I spent 2 vacations over 3 1/2 weeks each time over there in a motorhome.... never had a problem getting car or truck diesel.... but i did notice that the car diesel was more expensive, but got better MPG's..... (KPG's? lol).... truck diesel was cheaper, but got worse... in any case it turned out to be a wash and i ended up getting truck diesel mainly because it wasnt as busy normally, and it uses much faster pumps to fill the tank.


----------



## VMcV3y (Jul 6, 2011)

It's like it was in the USA before there were so many gasoline drive-offs.... you pump, then walk in and pay.

HOWEVER, there are a two guidelines that have served me well for over a decade:

a) Just look at the windows/doors of the business and identify the tell-tale stickers of AMEX, MasterCard (or its variations), VISA, Diners Club, etc. If you do NOT see your particular card, then just pull it out of your wallet, walk inside to the clerk, and point at the card and ask if you can use it. Even if they do not understand English, they will know what you are asking and will give you a nod or a shake. Then you act accordingly.

b) Always have plenty of EUROs cash in your wallet when you are in Europe. Meaning, don't go below, say, 200 EUR at any one point, usually mixed bills (20's, 50's, 5's). Your odds are good that at least once you will find a petrol station that will not take your/any credit card, and you do not want to be stuck. It's also good in case you intend to pay for a meal with a credit card, and discover (more frequently than petrol stations) that they only take cash.

Bonus Guideline:
c) If you are traveling much in the evenings, you will find a scarcity of 24-hour restaurants dotting the landscape (i.e. you won't find an equivalent to Denny's, Waffle House, or TGIFriday's.) You will find truck stops along the autobahn/autostrasse/autoetc. You can leverage those for restroom breaks (have a few EUR coins ready), and late-night snacks. I can't tell you how often that getting a surprisingly-good bratwurst and brotchen has saved me from an evening of starvation! Oh, and those truck stops have petrol, too!

Have fun!


----------



## bigugly fab (May 28, 2009)

hell i stayed in those truck stops the majority of the nights in the motor home. shower/diner/fuel/food/snacks were all available.


----------



## sactoken (Apr 4, 2004)

bigugly fab said:


> i dont understand why yall use CC's over there. Cash is always accepted and doesnt cost an international fee every time to be used lol


I use a CC (without a foreign transaction fee) whenever I can because they don't mark up the exchange rate, and I get whatever rewards points the card offers. I get charged a 1% transaction fee when I get cash out of a European ATM. I am getting a small amount of Euros from my bank because I like to have a little cash in my pocket when I land (just in case of ATM problems) but the exchange rate is bad ($1.30 instead of $1.23 today).


----------



## mason (Jun 8, 2006)

The area you go to will have plenty of Shell, Total, BP, Jet. These are all reputable companies. They all accept CC with or without chip. Sometimes you will see gas stations in the supermarket complex, like you see in Safeway or 7-Eleven, those stations prices the gas at a lower price. BUT, they are all pay at pump, so you must use a chip and pin credit card. I recalled it was at least 5~6 cents per litre cheaper than regular gas station in southern France.

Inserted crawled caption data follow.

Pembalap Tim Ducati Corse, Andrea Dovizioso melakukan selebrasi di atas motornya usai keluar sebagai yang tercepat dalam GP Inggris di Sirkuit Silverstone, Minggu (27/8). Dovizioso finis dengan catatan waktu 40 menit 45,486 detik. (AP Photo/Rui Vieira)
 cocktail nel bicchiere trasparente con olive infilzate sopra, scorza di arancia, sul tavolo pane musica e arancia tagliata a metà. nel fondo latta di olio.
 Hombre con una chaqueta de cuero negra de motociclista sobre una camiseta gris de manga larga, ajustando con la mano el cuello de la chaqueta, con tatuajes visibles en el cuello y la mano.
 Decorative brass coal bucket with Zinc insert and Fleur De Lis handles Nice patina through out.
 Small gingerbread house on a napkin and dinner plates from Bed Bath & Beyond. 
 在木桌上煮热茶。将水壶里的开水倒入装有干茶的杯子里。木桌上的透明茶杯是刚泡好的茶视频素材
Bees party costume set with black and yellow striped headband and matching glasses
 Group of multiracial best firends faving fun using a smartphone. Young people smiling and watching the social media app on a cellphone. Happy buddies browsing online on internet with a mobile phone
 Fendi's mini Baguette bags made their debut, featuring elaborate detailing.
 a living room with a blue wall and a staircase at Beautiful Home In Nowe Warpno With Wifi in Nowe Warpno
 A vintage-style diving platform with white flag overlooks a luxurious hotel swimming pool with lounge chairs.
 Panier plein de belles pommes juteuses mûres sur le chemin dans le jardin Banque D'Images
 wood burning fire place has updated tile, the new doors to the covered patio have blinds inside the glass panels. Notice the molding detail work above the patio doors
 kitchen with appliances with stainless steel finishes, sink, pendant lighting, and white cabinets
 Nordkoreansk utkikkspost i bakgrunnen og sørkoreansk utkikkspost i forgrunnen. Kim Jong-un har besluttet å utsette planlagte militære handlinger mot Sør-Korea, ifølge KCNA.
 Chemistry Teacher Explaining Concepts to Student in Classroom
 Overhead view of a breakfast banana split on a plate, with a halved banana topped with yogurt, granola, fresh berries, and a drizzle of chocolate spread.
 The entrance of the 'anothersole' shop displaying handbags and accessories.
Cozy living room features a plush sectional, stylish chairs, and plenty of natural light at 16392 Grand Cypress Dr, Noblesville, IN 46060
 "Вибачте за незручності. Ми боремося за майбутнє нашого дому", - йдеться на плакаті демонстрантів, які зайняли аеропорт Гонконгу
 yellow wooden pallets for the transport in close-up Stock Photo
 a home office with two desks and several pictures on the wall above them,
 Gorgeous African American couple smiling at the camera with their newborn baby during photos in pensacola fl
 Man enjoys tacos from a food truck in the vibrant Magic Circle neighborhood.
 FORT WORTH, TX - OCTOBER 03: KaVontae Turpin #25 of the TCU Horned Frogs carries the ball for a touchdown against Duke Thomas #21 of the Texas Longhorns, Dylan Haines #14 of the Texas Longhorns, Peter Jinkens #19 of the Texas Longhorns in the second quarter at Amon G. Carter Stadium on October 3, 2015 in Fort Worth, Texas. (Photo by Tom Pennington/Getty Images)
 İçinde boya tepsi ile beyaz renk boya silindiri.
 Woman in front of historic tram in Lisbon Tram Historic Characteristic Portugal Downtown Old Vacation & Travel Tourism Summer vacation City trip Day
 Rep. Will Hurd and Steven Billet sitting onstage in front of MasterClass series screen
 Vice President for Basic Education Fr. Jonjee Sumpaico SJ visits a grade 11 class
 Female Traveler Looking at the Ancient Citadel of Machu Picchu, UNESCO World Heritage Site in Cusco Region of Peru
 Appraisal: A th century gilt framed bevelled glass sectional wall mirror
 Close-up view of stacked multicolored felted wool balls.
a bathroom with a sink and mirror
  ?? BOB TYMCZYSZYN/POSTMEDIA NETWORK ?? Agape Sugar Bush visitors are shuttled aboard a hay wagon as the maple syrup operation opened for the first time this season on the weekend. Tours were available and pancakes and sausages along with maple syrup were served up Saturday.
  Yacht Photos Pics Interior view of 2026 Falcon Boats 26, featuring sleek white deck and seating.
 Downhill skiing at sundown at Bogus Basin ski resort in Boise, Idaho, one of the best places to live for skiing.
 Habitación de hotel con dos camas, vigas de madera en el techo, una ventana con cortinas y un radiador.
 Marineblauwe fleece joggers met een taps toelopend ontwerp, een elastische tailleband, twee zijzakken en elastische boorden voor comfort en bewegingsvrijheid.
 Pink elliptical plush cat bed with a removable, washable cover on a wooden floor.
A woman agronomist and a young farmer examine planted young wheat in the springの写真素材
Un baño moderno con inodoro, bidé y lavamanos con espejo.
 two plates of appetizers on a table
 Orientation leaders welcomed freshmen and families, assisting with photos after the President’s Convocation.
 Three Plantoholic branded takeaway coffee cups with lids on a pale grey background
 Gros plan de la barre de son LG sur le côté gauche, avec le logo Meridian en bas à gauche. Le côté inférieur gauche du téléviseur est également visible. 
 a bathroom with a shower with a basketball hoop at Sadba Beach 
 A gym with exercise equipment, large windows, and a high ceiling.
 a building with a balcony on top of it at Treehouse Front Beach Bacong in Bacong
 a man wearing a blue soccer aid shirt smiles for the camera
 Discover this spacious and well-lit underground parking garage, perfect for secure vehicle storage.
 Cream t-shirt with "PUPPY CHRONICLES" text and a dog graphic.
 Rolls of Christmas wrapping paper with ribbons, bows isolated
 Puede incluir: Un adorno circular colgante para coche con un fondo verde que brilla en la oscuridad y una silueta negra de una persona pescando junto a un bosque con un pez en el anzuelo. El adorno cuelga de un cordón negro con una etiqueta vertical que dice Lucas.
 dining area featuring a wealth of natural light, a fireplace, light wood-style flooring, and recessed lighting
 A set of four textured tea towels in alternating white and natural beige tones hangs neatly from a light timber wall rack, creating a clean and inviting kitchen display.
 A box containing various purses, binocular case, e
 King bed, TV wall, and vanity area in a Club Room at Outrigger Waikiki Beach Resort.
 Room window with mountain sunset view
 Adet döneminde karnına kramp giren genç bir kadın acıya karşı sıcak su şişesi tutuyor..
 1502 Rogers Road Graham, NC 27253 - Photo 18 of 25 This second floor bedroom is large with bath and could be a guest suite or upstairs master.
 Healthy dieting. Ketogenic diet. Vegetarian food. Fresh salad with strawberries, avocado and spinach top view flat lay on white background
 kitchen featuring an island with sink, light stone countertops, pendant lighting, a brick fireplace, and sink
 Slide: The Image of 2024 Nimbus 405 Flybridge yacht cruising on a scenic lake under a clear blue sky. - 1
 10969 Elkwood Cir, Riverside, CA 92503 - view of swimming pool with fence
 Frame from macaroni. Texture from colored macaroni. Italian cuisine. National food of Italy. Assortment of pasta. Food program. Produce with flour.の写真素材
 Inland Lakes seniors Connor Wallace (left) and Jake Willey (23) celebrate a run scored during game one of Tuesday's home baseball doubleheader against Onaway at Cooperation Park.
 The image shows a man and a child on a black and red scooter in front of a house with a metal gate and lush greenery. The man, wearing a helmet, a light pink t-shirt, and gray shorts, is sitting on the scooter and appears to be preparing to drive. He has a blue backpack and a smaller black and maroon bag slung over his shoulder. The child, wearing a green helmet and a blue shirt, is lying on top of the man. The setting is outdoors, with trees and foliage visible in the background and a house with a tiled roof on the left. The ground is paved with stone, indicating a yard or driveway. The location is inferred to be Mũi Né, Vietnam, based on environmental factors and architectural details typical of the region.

Octanes are clearly marked but I don't recall low octane stuff.


----------



## milepig (Apr 24, 2012)

bigugly fab said:


> i dont understand why yall use CC's over there. Cash is always accepted and doesnt cost an international fee every time to be used lol
> 
> I spent 2 vacations over 3 1/2 weeks each time over there in a motorhome.... never had a problem getting car or truck diesel.... but i did notice that the car diesel was more expensive, but got better MPG's..... (KPG's? lol).... truck diesel was cheaper, but got worse... in any case it turned out to be a wash and i ended up getting truck diesel mainly because it wasnt as busy normally, and it uses much faster pumps to fill the tank.





sactoken said:


> I use a CC (without a foreign transaction fee) whenever I can because they don't mark up the exchange rate, and I get whatever rewards points the card offers. I get charged a 1% transaction fee when I get cash out of a European ATM. I am getting a small amount of Euros from my bank because I like to have a little cash in my pocket when I land (just in case of ATM problems) but the exchange rate is bad ($1.30 instead of $1.23 today).


I don't really want to carry around hundreds of Euros just to pay for petrol, and indeed the CC rate is the clean bank to bank rate of the day, and with my card I pay no fees. No brainer for me.


----------



## zeezz (Mar 30, 2012)

As an FYI, my chip and signature card (Chase Hyatt Visa) worked fine at the unattended stands in some places (Germany/Switzerland) but did not work in automated ones in France. They also did not work in automated metro stations in Spain. It worked at all restaurants except a shady one who cancelled the transaction and said it didn't work (the receipt already showed the currency selection).


----------



## bigugly fab (May 28, 2009)

ALSO: your credit card apparently needs a PIN number.


that is 4 digits.


my ATM was 5. nothing would take it.
i didn't even know my CC *HAD* a PIN number......


things to remember.


----------



## desertpilot (Mar 15, 2012)

bigugly fab said:


> ALSO: your credit card apparently needs a PIN number.
> 
> that is 4 digits.
> 
> ...


Huh...I didn't know this. I guess I need to call my bank and ensure the card has a PIN tied to it?


----------



## bigugly fab (May 28, 2009)

yup. i just typed out a long thing explaining our struggles for 3 days, but the forum erased it when i submitted...


so you get cliffs 


yes.
make sure your CC and debit have 4 digit pins.
make sure you know them!


----------



## Dave 20T (Apr 7, 2013)

northeast_3er said:


> I don't think any brands are to be avoided. Any of the major brands are fine... the gas you should be using is Super, which is graded at 95 octane. This BTW was what the Welt recommended when I picked up my car. You could also use the 99, but is more expensive.
> The number is clearly listed on the pump.
> At the majority of gas stations you have to pay inside. In fact, I have not seen anywhere the option for paying at the pump. And yes, most times you pump your own fuel.
> 
> I have a chip and signature card that I've used, don't know if they take the regular credit cards, but they should.


The delivery rep at the Welt recommended against E10, being bad gas. Funny, in the U.S. most of the gas is, therefore, bad as it's federally mandated to be E8-10.

Quite a bit of 95 octane is E5.


----------